Launched: the Trust Project

Nancy Watzman
Trust, Media and Democracy
2 min readDec 6, 2017
A snippet of the code telling search engines where to find BBC News’ “best practices” page.

Coming soon to your Facebook, The Trust Project is like nutrition labels for your news feed, letting you know where a story comes from, what that news organization’s ethical standards are, background about the story’s author, and more.

Sally Lehrman, creator of the program housed at the Markkula Center for Applied Ethics at Santa Clara University, is organizing a growing and long list of major international media organizations. They’re writing trust indicators into their backend coding, enabling search engines and social media sites such as Google, Facebook, Bing, and Twitter to find and display this crucial information.
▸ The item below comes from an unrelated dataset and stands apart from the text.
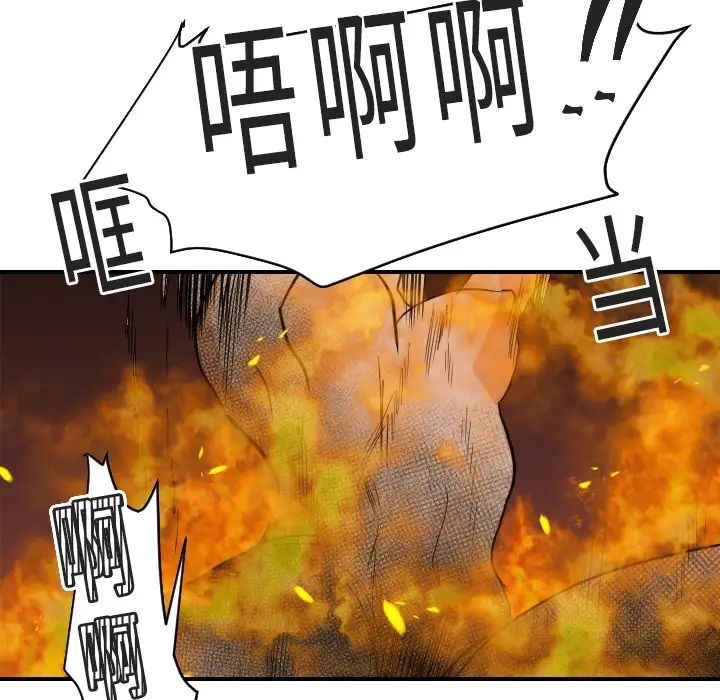 超能力者第18話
How disordered is your information?

Exit “fake news,” enter information disorder.

Worth a deep dive, the 100+-page report, Information Disorder: Toward an interdisciplinary framework for research and policymaking, written for the Council of Europe by Claire Wardle and Hussein Derakhshan, provides a comprehensive, systemic look at the many types and and means by which misinformation enters our lives. Jettisoning the term “fake news” is a first step: it is “woefully inadequate to describe the complex phenomena of mis- and dis-information.”

  • Read the executive summary or full report, along with list of recommendations for tech companies, governments, media organizations, philanthropy and more.
  • Wardle presented at the first meeting of the Knight Commission on Trust, Media and Democracy in October.

Twitter isn’t just for clicks

It’s time to reinvent social media for news rooms. Credit: American Press Institute

Newsrooms should harness social media to fight misinformation — but many don’t even know where to start.

A new survey of 59 U.S. newsrooms shows that they give short shrift to the potential for countering misinformation as part of their social media strategy: “dealing with misinformation was next-to-last,” on the list of newsroom’s social media strategy. Instead, newsrooms are stuck in old modes of click-seeking, writes Jane Elizabeth, the director of the Accountability Journalism Program for the American Press Institute.

What are practical ways to harness social media and online search engines to help fight misinformation?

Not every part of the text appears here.